A unified programming interface may be used to develop software on a system generally corresponding to that described above with respect to FIG. 2 for execution on a system generally corresponding to that described above with respect to FIG. 3. An example of such a unified programming interface is disclosed in co-pending Provisional U.S. Patent Application 62/005,821, filed May 30, 2014 and entitled “System and Method for Unified Application Programming Interface and Model,” which is incorporated by reference herein.
Aspects of an innovative GPU programming framework and associated APIs may be best understood as a tiered-structure having three levels:
A first level is things that must be defined at the time a rendering pass is started and cannot be changed until the rendering pass is complete. First and foremost of these is the image that is being rendered to, i.e., the frame buffer configuration. Frame buffer configuration can include buffer size and dimensions, color parameters, etc. The fixation of frame buffer configuration at the start and for the duration of a render pass is in contradistinction to prior art GPU frameworks/APIs, in which change to frame buffer configuration is treated just like any other command, and can thus appear at any point, including in the middle of a rendering pass. Further aspects of frame buffer configuration are described in the co-pending application incorporated by reference above.
A second level for is choosing a pipeline state object, which includes all of the graphics state that must be compiled into GPU code. Because running the GPU compiler on the target system is computationally expensive, it is preferable to do all of this at once, generally not at run time, but rather at the time the application is installed on the target system or when the application is loaded for execution. Further aspects and details of the pipeline state object are discussed in greater detail below. By incorporating functionality triggering a GPU code re-compile into a pipeline state object, APIs may be developed that make a developer aware of when the code being written will result in a computationally expensive and time-consuming recompile. Further aspects of the pipeline state object are described below.
A third level is state options that are easy/inexpensive to change on the fly (e.g., during execution of the application) without the necessity of compiling new GPU code.
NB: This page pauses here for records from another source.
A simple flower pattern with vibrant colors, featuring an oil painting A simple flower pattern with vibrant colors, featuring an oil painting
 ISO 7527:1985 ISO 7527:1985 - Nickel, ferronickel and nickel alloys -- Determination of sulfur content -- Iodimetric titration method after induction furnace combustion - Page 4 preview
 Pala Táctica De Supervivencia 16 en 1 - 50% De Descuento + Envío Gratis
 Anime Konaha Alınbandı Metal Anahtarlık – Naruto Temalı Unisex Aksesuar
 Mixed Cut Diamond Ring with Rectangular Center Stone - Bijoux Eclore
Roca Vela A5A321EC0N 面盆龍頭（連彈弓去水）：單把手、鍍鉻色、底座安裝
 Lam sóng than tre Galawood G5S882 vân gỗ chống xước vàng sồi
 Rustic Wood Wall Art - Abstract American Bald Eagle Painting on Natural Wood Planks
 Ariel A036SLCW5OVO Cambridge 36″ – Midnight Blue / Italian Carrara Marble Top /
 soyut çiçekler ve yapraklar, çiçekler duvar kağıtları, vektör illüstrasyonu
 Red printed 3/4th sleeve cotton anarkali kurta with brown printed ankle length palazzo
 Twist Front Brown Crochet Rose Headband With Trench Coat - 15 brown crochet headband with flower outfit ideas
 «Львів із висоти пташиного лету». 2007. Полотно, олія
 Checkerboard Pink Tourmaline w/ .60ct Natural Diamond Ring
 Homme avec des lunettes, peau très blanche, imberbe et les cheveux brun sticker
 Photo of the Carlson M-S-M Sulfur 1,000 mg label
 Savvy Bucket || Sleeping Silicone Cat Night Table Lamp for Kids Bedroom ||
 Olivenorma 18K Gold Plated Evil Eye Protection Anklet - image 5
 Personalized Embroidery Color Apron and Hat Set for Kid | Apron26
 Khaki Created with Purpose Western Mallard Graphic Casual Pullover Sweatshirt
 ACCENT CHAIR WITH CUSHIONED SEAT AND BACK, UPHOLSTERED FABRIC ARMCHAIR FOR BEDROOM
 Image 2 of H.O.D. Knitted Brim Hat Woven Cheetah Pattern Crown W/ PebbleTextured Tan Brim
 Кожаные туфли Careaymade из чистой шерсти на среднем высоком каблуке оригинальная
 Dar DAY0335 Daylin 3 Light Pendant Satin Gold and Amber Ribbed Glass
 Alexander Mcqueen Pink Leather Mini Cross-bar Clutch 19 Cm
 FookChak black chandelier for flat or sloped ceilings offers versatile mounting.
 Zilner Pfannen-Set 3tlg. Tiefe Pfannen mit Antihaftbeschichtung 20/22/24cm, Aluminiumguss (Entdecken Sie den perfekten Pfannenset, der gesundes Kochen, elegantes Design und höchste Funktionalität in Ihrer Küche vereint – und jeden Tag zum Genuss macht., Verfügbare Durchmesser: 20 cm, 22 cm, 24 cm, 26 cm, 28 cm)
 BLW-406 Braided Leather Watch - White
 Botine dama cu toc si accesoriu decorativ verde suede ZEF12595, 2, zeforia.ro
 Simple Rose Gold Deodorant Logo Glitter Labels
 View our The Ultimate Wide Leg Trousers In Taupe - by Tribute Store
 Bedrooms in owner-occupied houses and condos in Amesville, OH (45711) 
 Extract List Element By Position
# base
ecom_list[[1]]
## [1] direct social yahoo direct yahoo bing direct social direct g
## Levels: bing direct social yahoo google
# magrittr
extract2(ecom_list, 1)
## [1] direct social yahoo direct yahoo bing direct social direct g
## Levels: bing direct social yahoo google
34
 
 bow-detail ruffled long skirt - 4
Further aspects of these state options are described below as well as in the co-pending application incorporated by reference above.
Once a frame buffer has been defined, a command or sequence of commands to render an object to the frame buffer can be created. In some embodiments, this task can fall to a render command encoder 544 as illustrated in FIG. 5B. Render command encoder 544 uses as inputs texture object 510, buffer object 504, sampler object 508, depth stencil state object 538, and pipeline state object 542 to create a render command which may be rendered at a destination. A frame buffer descriptor can be configured as part of beginning a render command. Then, the application can append a sequence of SetPipelineState, SetInexpensiveState, and Draw commands to declare the set of objects that will be drawn into the frame buffer. Put another way: for each FramebufferDescriptor and/or RenderCommand, there can be one or more of the input objects and draw commands issued, and then the RenderCommand can be ended by the application to tell the graphics system that no more commands will be appended.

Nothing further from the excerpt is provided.